Following are the three steps involved in establishing the connection using the 3-way handshake process in TCP:
  1. The client sends the SYN to the server: When the client wants to connect to the server. It sets the 'SYN' flag as 1 and sends the message to the server. The message has also some additional information like the sequence number(any random 32 bits number), the ACK is set here to 0, the window size, and the maximum segment size. For Example, if the window size is 2000 bits, and the maximum segment size is 200 bits then a maximum of 10 data segments (2000/200 = 10) can be transmitted in the connection.
  2. The server replies with the SYN and the ACK to the client: After receiving the client's synchronization request, the server sends an acknowledge to the client by setting the ACK flag to '1'. The acknowledgement number of the ACK is one more than the received sequence number. For Example, if the client has sent the SYN with sequence number = 1000, then the server will send the ACK with acknowledgement number = 10001. Also, the server sets the SYN flag to '1' and sends it to the client, if the server also wants to establish the connection. The sequence number used here for the SYN will be different from the client's SYN. The server also advertises its window size and maximum segment size to the client. After completion of this step, the connection is established from the client to the server-side.
  3. The client sends the ACK to the server: After receiving the SYN from the server, the client sets the ACK flag to '1' and sends it with an acknowledgement number 1 greater than the server's SYN sequence number to the client.

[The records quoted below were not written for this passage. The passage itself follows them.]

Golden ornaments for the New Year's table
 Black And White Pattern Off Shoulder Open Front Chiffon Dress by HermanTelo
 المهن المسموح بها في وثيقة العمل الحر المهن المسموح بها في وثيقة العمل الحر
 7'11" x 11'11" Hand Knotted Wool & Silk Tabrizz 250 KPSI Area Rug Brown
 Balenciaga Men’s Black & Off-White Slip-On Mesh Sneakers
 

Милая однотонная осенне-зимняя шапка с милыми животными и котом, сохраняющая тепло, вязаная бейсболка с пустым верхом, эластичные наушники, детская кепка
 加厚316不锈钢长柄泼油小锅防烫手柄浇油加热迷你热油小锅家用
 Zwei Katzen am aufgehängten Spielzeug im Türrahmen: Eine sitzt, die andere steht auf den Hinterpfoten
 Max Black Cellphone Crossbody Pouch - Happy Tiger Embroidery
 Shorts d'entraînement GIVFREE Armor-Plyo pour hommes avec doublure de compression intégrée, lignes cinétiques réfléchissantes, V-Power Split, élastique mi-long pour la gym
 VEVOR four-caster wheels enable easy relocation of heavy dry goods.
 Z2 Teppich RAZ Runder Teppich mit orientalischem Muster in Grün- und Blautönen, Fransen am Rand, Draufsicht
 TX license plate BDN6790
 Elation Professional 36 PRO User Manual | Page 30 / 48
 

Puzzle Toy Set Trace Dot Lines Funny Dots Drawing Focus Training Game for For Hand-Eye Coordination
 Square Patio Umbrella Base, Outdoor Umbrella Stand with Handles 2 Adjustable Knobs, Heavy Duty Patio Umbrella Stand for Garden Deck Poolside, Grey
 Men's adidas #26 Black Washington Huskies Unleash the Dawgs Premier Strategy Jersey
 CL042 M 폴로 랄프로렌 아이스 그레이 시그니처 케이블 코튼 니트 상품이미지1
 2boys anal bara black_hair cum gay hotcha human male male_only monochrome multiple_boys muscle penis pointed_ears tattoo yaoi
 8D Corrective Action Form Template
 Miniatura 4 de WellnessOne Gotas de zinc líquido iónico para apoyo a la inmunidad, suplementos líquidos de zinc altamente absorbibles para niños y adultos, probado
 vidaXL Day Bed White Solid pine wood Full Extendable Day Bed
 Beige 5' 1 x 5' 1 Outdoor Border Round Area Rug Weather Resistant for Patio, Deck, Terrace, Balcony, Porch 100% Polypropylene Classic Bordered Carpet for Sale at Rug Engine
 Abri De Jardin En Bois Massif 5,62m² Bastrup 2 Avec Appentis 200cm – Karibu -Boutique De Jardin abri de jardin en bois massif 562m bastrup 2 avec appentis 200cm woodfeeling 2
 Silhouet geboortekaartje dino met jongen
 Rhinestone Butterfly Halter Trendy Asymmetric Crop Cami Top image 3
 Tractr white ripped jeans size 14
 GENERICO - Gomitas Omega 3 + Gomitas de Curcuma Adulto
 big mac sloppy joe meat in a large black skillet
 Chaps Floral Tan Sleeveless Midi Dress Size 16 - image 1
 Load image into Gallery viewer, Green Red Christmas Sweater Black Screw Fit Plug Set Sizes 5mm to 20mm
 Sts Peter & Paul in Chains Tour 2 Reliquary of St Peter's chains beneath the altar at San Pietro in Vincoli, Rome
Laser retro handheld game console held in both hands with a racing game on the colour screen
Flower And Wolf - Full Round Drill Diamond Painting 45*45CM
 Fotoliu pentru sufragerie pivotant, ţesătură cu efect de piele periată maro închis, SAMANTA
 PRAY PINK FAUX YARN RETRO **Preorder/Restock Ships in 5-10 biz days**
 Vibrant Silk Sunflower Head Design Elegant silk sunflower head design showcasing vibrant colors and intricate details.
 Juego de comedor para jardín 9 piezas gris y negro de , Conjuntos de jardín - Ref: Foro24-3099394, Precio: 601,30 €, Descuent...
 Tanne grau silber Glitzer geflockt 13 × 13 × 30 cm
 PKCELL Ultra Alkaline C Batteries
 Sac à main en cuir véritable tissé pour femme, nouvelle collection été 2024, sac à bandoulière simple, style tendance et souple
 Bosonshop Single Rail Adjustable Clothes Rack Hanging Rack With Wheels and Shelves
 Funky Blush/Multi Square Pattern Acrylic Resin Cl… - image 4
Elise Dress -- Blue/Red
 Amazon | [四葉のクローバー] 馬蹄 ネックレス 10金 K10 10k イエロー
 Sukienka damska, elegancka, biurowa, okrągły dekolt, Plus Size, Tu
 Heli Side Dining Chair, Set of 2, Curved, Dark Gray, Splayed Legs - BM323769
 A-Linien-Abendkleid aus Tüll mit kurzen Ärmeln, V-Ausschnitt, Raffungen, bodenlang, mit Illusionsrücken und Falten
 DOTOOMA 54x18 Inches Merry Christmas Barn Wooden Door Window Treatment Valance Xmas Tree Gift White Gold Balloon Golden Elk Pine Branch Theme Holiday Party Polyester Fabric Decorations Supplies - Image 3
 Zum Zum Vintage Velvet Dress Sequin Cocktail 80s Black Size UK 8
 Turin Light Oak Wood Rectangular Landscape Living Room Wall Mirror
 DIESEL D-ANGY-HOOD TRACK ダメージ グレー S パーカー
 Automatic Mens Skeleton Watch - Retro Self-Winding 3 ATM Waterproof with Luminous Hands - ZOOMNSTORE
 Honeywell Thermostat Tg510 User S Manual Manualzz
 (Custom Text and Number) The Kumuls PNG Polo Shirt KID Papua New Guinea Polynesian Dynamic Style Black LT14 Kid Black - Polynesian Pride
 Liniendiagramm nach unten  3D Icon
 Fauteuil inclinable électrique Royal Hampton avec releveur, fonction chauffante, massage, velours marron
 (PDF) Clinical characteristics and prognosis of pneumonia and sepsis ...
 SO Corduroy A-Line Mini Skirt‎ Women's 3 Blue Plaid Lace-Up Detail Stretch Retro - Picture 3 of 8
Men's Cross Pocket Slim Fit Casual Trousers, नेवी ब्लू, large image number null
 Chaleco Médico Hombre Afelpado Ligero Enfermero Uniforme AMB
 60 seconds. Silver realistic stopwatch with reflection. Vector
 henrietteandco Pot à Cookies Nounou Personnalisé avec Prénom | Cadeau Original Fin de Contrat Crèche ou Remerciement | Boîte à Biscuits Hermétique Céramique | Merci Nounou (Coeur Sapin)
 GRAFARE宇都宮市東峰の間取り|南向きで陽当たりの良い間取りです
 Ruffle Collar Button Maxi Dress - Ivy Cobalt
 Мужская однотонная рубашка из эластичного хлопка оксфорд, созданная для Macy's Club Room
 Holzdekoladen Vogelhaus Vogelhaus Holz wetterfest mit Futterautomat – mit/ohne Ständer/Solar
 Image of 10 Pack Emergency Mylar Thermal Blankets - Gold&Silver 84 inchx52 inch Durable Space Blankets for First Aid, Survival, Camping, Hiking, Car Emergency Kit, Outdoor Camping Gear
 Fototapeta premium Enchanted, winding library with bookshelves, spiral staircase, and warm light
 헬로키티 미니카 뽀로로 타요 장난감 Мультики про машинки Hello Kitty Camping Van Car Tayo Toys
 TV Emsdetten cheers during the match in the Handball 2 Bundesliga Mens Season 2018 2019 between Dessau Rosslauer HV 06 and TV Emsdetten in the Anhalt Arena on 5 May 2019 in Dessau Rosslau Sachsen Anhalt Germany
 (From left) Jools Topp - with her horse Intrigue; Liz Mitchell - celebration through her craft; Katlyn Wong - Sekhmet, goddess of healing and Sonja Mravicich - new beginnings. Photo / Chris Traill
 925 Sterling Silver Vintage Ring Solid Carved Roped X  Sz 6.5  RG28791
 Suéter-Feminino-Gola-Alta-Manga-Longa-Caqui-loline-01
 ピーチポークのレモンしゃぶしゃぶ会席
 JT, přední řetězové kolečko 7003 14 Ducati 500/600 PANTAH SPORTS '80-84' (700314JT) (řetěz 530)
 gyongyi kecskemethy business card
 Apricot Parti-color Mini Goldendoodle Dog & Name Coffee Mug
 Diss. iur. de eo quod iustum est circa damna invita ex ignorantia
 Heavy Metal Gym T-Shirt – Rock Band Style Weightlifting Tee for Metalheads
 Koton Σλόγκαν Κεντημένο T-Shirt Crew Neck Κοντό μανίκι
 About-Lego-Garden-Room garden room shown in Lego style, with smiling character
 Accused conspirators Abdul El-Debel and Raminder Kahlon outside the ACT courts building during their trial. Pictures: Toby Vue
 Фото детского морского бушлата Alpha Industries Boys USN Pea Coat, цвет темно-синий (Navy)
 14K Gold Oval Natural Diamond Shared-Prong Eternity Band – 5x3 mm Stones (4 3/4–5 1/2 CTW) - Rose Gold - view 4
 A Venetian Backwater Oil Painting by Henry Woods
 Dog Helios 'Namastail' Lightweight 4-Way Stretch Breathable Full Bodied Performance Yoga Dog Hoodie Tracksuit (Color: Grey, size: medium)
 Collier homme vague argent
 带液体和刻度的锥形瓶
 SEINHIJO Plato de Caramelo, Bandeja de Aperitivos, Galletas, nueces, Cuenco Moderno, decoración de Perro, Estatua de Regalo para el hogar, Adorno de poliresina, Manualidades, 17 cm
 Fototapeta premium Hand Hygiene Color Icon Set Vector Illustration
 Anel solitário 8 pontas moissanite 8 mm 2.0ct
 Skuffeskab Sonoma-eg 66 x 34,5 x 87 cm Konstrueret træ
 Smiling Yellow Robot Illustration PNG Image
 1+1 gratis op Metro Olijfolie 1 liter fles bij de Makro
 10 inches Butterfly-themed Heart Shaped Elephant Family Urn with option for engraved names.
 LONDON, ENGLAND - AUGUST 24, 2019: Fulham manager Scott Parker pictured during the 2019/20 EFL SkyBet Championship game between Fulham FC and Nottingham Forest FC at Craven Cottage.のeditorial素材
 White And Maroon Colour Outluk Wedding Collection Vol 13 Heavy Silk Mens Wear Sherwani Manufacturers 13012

Here, the SYN flag is kept '0'. After completion of this step, the connection is now established from the server to the client-side also. After the connection is being established, the minimum of the sender's and receiver's maximum segment size is taken under consideration for data transmission.

Below is the pictorial representation of the connection termination using the 3-way handshake process.

Following are the three steps involved in terminating the connection using the 3-way handshake process in TCP:
  1. The client sends the FIN to the server: When the client wants to terminate the connection. It sets the FIN flag as '1' and sends the message to the server with a random sequence number. Here, the ACK is set to 0.
  2. The server replies with the FIN and the ACK to the client: After receiving the client's termination request, the server sends an acknowledge to the client by setting the ACK flag to '1'. The acknowledgement number of the ACK is one more than the received sequence number. For Example, if the client has sent the FIN with sequence number = 1000, then the server will send the ACK with acknowledgement number = 10001. Also, the server sets the FIN flag to '1' and sends it to the client, if the server also wants to terminate the connection. The sequence number used here for the FIN will be different from the client's FIN. After completion of this step, the connection is terminated from the client to the server-side.
  3. The client sends the ACK to the server: After receiving the FIN from the server, the client sets the ACK flag to '1' and sends it with an acknowledgement number 1 greater than the server's FIN sequence number to the client. Here, the FIN flag is kept '0'. After completion of this step, the connection is now terminated from the server to the client-side also.

This is all about the 3-way handshake process and its steps that are used in the TCP protocol. Hope you learned something new today. That's it for this blog.